The world whispered again, winds curling through pine and stone. And Shi Yang felt it—the faint shift of his Dao, expanding, deepening. Rust had entered his path, and the mountain itself seemed to corrode at his presence.

Shi Yang smirked, his palm flattening against the cold stone.

Hissss~

The sound spread like oil on water. Minerals writhed beneath his touch, veins of quartz paling, granite darkening as if disease had seeped into its marrow. The surface blistered, flaking in ragged patches.

Rust.

It shouldn't have been possible—stone did not rust, not in the sense of steel. Yet under his will, even solid mountain began to wither. The edges bled into orange-brown streaks, then into deeper hues of black rot. Small fissures opened across the surface, hissing as moisture within the stone boiled away, leaving only a brittle husk.

Shi Yang drew his hand back.

The rock cracked under its own weight, collapsing into a heap of dust and corroded fragments that scattered with the mountain breeze.

His smirk widened.

"So even mountains can rust under my Dao." His voice was quiet but carried the satisfaction of a predator testing new fangs.

He flexed his fingers, watching faint traces of bronze-brown Qi coil across his knuckles before dissolving into stormy-ocean light. The resonance was intoxicating—storm and rust feeding each other, a cycle of corrosion and renewal. Storm broke mountains; rust consumed what storm left behind.

Yet he knew it was not without danger.
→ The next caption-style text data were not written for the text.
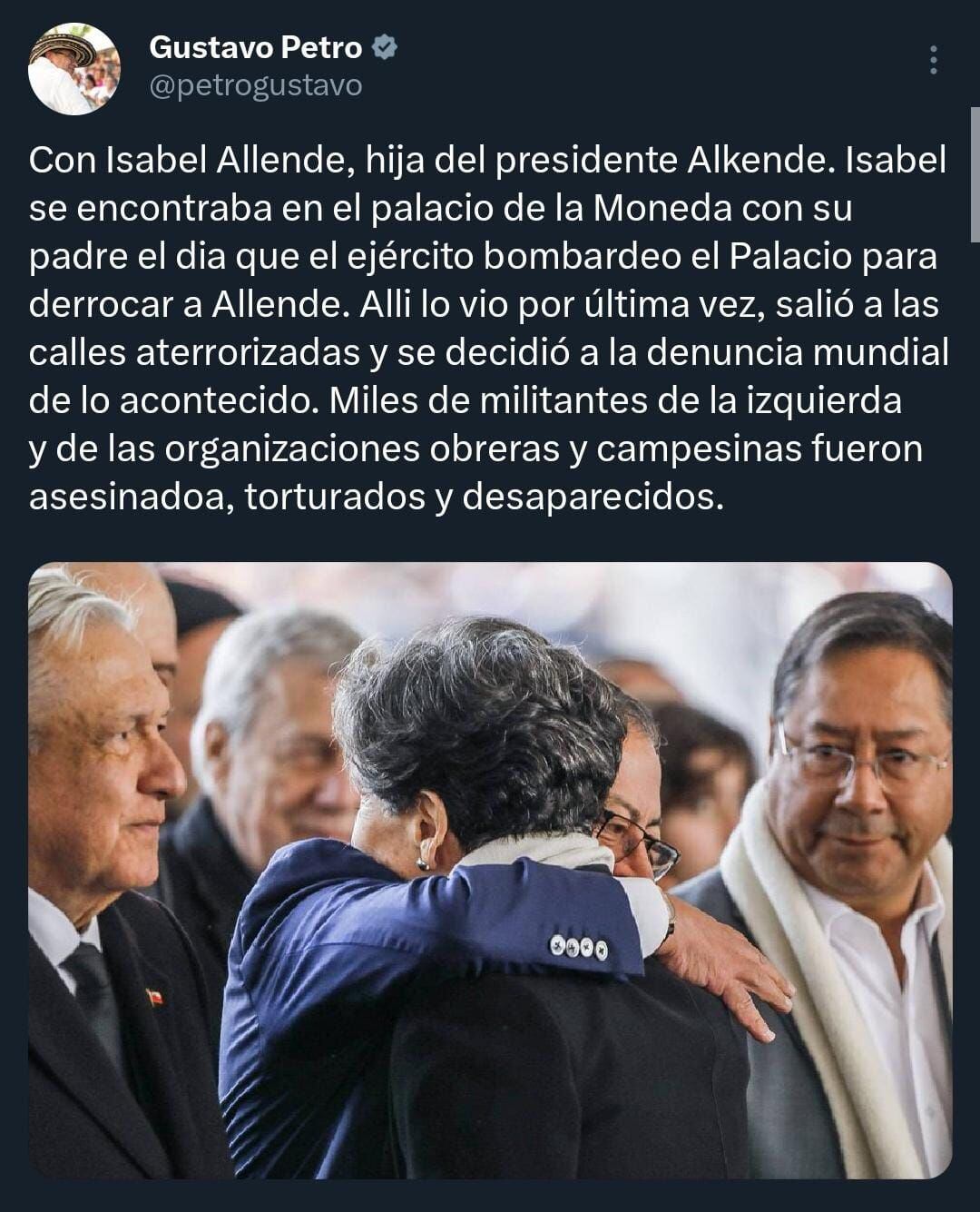 En una tercera rectificación, el presidente ahondó en lo que vivió Isabel Allende mientras su padre fue derrocado en el Palacio de la Moneda, en Chile - crédito @petrogustavo/X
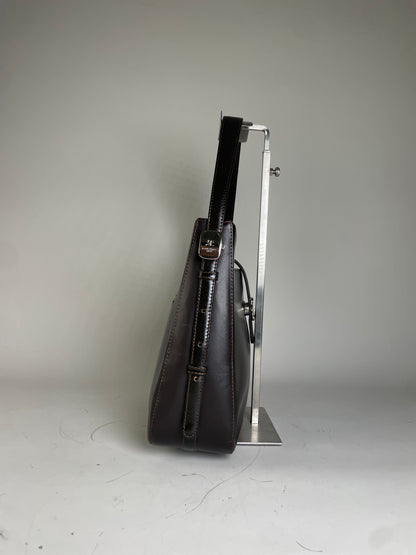 Vintage Courreges Leather Shoulder Bag Dark Brown Silver Buckle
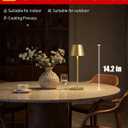 KDG 2 Pack Cordless Table Lamp, Portable LED Desk Lamps, 5000mAh Battery Operated, 3 Color Stepless Dimming Up, for Restaurant, Bedroom, Outdoor Camping, Coffee Shop, Night Light, Rechargeable (Gold)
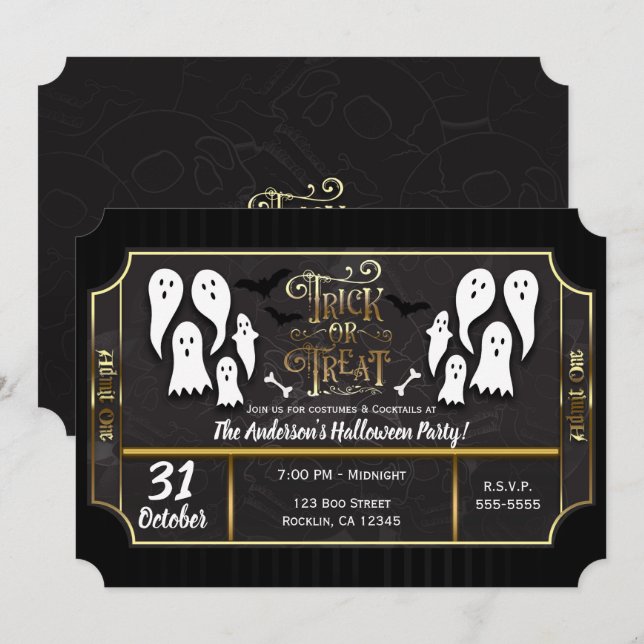 Convites Trick or Treat Fantasmas Festa de Halloween Preta  (Frente/Verso)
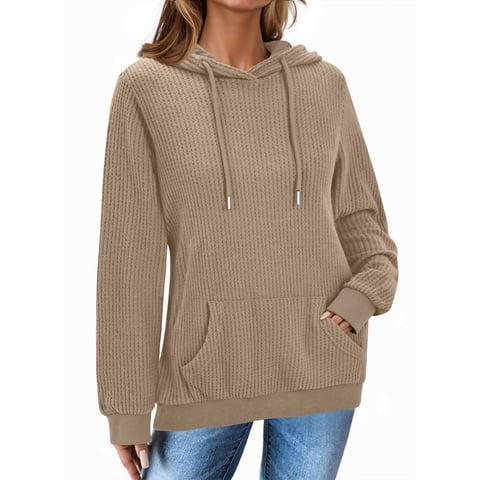 Womens Hoodies Casual Long Sleeve Waffle Pullover Tops Oversized Hooded Sweatshirts with Pocket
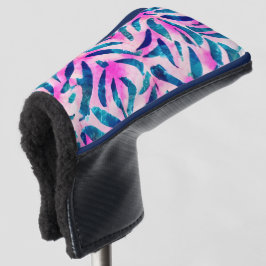Pink Tropical Leaf Pattern Golf Headcover
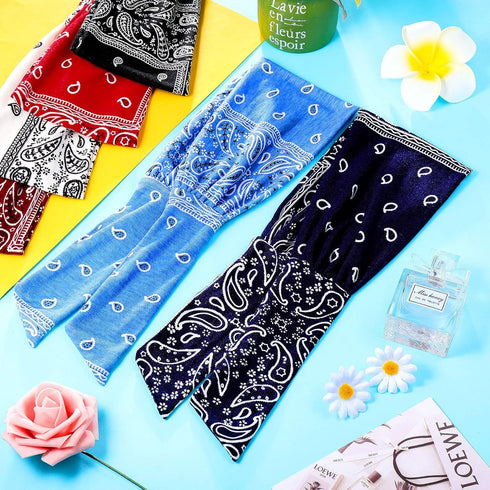 WILLBOND 6 Pieces Tie Headband for Women, Adjustable Knotted African Headbands, Non-Slip Floral Hair Bands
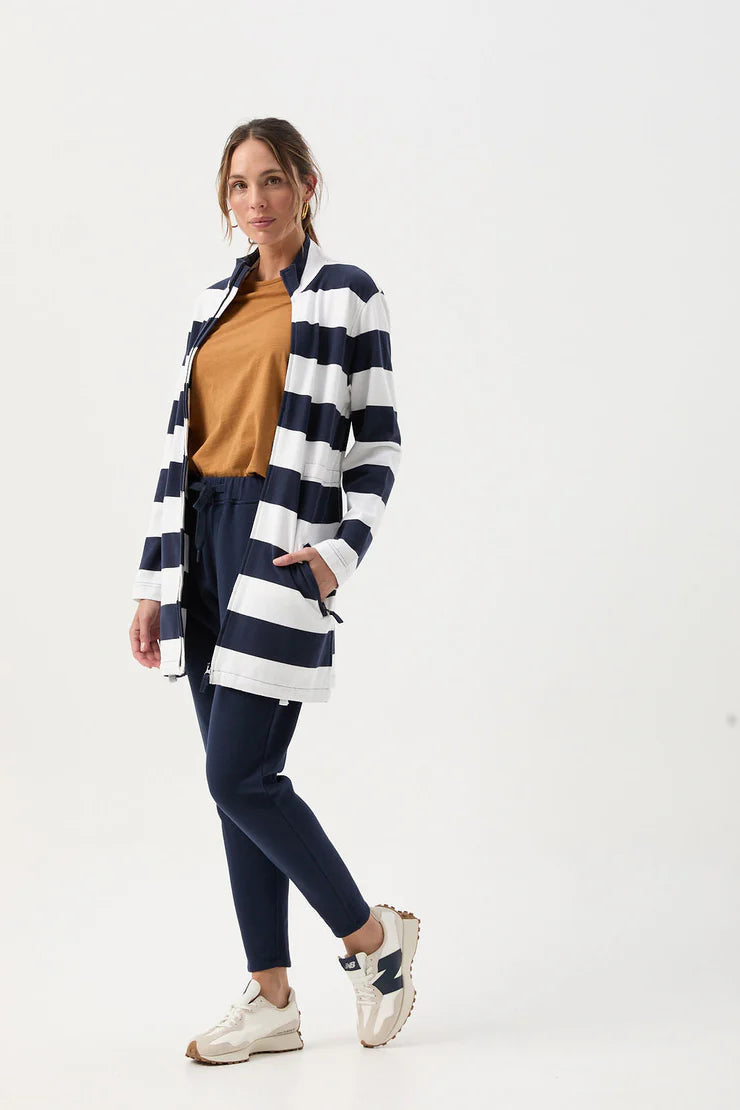 Stripe Rugby 2-Way Zip Through Jacket Navy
The same essence that corroded rock also gnawed at the edges of his own Qi, subtle but relentless. He felt the faint ache in his meridians, the weary pulse in his spirit sea. Rust spared nothing, not even its wielder.

He exhaled, steadying his breath. "To wield decay is to invite decay," he murmured. "If I falter, this path will devour me too."

The sword on his back gave a low hum, faint but alive, as though agreeing—or mocking. Its runes glowed with dark bronze light, pulsing in rhythm with the faint hiss of corrosion still hanging in the air.

Shi Yang glanced at the ruined stone, then at his own palm.

"This power isn't complete yet," he said, eyes narrowing with resolve. "I'll refine it until it bends fully to me… until my essence is one with rust."

The mountain winds curled tighter around him, carrying flecks of corroded dust away into the night.